→ **Task goal**: Word for word, set down every line of the entries below from the line with "Centre Modern Duplex" to the line with "2010-caterpillar-303c-cr-image-23", including both, and no other line.

→ **Supplied data**:
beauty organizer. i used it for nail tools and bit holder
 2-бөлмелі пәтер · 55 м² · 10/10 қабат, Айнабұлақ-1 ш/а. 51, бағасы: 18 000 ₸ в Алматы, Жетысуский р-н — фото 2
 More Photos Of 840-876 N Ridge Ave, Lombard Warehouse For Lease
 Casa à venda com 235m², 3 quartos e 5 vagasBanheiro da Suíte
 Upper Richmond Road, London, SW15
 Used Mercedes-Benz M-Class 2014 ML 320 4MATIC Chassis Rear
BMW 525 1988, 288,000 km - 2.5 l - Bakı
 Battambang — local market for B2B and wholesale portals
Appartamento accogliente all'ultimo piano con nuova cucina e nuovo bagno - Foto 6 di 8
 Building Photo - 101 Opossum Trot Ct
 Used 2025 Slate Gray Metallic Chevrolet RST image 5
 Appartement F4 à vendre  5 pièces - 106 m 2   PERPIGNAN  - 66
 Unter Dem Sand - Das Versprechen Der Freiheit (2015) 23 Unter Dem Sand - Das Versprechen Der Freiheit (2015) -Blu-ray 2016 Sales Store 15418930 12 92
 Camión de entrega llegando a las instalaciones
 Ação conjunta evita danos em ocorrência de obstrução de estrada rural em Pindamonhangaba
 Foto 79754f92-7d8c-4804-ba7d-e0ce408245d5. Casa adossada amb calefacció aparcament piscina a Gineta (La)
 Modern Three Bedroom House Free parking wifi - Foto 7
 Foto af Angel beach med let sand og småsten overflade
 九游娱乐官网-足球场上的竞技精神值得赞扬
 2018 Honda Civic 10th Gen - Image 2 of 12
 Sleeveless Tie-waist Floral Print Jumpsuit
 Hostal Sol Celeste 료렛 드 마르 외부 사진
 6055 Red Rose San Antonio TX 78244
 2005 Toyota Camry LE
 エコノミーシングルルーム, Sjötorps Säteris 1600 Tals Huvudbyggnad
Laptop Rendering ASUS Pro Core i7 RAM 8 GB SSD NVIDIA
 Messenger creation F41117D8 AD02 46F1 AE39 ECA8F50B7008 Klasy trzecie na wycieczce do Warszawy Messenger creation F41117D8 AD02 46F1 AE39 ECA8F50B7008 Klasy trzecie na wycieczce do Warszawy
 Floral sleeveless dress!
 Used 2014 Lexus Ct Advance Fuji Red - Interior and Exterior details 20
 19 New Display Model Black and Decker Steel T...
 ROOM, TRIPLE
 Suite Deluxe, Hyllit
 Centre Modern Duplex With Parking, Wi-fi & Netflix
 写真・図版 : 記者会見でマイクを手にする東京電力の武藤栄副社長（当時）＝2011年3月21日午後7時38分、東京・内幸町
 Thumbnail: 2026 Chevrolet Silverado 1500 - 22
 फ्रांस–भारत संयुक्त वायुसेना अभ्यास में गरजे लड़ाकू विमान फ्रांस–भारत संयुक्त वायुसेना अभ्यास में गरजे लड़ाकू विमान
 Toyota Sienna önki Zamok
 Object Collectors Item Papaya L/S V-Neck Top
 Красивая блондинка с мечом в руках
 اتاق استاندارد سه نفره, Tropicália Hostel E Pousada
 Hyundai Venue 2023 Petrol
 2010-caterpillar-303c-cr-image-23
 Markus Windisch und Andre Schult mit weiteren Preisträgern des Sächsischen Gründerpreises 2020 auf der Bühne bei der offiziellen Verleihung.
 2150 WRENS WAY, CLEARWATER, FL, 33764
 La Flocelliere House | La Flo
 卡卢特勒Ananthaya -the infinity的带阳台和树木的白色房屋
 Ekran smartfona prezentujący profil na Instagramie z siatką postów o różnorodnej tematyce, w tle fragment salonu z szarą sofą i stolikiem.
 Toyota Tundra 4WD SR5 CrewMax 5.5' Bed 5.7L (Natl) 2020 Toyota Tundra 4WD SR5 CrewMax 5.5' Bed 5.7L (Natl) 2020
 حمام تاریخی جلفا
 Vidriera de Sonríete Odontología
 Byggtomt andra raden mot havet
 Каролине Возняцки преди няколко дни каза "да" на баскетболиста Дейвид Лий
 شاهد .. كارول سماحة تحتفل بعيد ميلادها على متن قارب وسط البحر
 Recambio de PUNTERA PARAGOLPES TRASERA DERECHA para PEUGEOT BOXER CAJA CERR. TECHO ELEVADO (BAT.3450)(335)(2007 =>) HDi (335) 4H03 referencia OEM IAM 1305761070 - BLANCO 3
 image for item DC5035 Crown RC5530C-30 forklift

→ **Written response**:
 Centre Modern Duplex With Parking, Wi-fi & Netflix
 写真・図版 : 記者会見でマイクを手にする東京電力の武藤栄副社長（当時）＝2011年3月21日午後7時38分、東京・内幸町
 Thumbnail: 2026 Chevrolet Silverado 1500 - 22
 फ्रांस–भारत संयुक्त वायुसेना अभ्यास में गरजे लड़ाकू विमान फ्रांस–भारत संयुक्त वायुसेना अभ्यास में गरजे लड़ाकू विमान
 Toyota Sienna önki Zamok
 Object Collectors Item Papaya L/S V-Neck Top
 Красивая блондинка с мечом в руках
 اتاق استاندارد سه نفره, Tropicália Hostel E Pousada
 Hyundai Venue 2023 Petrol
 2010-caterpillar-303c-cr-image-23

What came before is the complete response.